Now there are some early signs of trouble in credit land, with reports of rising default rates on car loans and climbing credit card receivables. Higher interest rates are one reason. The gross numbers are still modest. And the biggest vessel for these loans to individuals—mortgages— shows no signs of cracks because of the continuing rise in real estate prices.
But the fact that there are increasing incidents involving thuggish recovery agents shows that the underlying reality has changed—borrowers are defaulting more readily than before and banks are getting a bit desperate.
The deeper problem is that India does not have a proper institutional structure to deal with such cases; perhaps, it has not yet had the time to put one in place. Banks have erred in dishing out loans without doing proper due diligence. But to be fair to them, they do not have access to credit histories that can help them assess risks in a more rational manner.
On the other hand, the right to foreclose retail loans and take possession of collateral is not as easy as it looks in the rulebook. It is worth a bank’s time and money to go after corporate defaulters who owe it crores of rupees. To do the same with a small borrower who hasn’t repaid a lakh or two is a different matter.
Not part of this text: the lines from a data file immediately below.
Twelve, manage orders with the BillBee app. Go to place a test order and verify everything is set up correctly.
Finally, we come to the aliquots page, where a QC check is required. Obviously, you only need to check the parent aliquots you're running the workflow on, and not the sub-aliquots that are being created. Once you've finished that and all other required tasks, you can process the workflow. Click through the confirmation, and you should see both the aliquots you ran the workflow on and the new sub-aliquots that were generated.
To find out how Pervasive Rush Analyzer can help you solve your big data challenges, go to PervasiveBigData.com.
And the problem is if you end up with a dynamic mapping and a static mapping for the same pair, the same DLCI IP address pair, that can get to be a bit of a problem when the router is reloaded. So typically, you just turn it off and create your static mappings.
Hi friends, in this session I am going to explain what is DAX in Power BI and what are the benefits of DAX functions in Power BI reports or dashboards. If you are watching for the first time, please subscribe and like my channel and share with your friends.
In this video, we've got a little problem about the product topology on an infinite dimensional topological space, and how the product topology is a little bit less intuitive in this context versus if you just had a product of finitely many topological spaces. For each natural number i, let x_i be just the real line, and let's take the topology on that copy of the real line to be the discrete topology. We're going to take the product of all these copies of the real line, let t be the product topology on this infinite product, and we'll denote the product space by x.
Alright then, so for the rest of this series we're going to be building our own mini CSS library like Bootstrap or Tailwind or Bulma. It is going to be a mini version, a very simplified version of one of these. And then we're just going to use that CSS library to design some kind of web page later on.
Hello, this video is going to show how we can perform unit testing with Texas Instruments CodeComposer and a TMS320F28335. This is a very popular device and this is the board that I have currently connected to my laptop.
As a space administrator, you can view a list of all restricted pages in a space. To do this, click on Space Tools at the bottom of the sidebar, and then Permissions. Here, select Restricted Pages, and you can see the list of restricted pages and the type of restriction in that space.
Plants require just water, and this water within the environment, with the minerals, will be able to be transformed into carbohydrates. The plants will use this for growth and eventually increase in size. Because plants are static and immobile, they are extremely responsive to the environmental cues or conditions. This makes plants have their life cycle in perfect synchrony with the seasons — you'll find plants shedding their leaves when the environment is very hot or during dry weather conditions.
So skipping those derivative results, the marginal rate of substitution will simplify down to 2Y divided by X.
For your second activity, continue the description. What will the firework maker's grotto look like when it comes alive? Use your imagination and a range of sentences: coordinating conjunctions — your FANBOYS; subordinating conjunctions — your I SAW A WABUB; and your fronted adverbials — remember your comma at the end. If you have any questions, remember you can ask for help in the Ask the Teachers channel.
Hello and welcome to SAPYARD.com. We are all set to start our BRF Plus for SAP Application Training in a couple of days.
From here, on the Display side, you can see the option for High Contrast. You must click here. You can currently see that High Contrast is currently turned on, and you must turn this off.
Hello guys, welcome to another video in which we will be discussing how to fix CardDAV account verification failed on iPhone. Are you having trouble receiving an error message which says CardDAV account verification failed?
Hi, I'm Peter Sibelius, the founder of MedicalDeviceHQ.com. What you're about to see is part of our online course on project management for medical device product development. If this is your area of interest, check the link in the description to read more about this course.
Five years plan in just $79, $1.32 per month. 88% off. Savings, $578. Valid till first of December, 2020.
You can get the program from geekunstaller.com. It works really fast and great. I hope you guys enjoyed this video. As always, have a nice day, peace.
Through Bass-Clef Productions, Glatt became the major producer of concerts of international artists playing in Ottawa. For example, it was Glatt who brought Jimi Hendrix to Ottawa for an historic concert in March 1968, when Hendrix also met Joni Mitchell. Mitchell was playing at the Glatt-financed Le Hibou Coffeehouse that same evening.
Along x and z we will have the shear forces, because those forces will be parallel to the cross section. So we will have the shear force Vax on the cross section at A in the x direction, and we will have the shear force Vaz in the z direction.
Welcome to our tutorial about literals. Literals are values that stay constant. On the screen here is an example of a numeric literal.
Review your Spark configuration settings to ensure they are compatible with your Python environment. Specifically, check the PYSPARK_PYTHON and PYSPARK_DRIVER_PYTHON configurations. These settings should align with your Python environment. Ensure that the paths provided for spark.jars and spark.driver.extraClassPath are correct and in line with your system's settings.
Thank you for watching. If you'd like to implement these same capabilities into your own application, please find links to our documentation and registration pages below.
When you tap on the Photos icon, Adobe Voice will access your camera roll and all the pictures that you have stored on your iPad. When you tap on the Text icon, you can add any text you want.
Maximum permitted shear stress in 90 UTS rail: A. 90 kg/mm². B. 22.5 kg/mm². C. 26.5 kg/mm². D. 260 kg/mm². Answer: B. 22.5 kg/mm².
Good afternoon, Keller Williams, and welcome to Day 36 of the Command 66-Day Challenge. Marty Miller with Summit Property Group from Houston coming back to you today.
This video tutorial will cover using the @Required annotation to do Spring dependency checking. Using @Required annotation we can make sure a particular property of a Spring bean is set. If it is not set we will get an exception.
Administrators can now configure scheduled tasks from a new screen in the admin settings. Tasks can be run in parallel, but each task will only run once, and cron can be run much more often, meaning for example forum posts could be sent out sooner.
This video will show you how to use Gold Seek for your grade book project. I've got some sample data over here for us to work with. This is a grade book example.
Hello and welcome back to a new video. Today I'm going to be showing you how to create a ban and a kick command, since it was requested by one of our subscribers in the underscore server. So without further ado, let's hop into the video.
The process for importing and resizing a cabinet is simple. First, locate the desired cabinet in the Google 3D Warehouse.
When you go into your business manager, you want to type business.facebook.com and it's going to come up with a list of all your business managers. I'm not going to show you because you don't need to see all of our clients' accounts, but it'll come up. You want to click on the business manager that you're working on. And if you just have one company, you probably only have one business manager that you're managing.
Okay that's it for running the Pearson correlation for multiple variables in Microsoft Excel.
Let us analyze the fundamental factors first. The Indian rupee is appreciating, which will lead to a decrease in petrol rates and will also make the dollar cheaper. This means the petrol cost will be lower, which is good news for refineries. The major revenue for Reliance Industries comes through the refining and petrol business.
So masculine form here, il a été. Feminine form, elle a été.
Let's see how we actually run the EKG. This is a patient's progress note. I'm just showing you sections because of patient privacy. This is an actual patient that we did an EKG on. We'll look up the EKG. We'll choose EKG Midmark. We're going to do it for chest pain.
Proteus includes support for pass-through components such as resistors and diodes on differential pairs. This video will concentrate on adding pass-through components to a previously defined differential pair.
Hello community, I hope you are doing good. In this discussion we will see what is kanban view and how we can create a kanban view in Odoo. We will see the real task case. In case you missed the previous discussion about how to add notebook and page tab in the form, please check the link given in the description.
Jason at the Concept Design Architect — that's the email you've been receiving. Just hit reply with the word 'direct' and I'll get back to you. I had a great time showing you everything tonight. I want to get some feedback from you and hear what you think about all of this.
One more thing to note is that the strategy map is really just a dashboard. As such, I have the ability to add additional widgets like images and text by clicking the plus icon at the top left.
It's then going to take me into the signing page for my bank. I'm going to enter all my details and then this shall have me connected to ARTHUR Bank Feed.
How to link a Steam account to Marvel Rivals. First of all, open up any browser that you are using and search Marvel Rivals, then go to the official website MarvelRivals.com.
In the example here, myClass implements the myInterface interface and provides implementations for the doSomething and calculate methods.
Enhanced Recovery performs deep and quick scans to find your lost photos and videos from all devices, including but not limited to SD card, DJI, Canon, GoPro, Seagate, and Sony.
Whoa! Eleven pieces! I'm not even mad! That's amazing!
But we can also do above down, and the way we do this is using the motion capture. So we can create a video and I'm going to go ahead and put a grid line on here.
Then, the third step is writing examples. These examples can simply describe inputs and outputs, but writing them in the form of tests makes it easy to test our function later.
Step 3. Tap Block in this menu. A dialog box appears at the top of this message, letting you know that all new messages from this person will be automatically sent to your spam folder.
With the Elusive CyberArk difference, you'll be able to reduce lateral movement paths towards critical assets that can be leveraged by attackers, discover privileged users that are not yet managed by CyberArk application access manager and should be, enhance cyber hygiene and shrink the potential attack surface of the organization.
The regulators and lawmakers need to put in place a far better mechanism to oversee cases of retail default, and as soon as possible. The growing public resentment, which is against the thugs who come knocking on the doors of middle-class India, could very likely be used by politicians to whip up passions against banks. From there, the road to unthinking curbs on banks is not hard to contemplate.
There is no doubt in our mind that banks that use strong-arm tactics to browbeat defaulters don’t deserve public support of any sort. But we should also be careful not to use individual cases as a cover to bind banks in red tape or scare them off lending to individuals. Recent reports suggest that the latter possibility is very real, with banks holding back on retail lending after the recent controversies. (Something similar happened in industrial loans a decade ago. Bank officers stopped lending because they feared the Central Bureau of Investigation would raid them in case the loan went bad, as it had some well-publicized cases at the time.)
That’s not what we need right now. Indian households borrow too little, which restricts their ability to buy homes, cars and generally improve their standard of living. We need more retail loans, not less.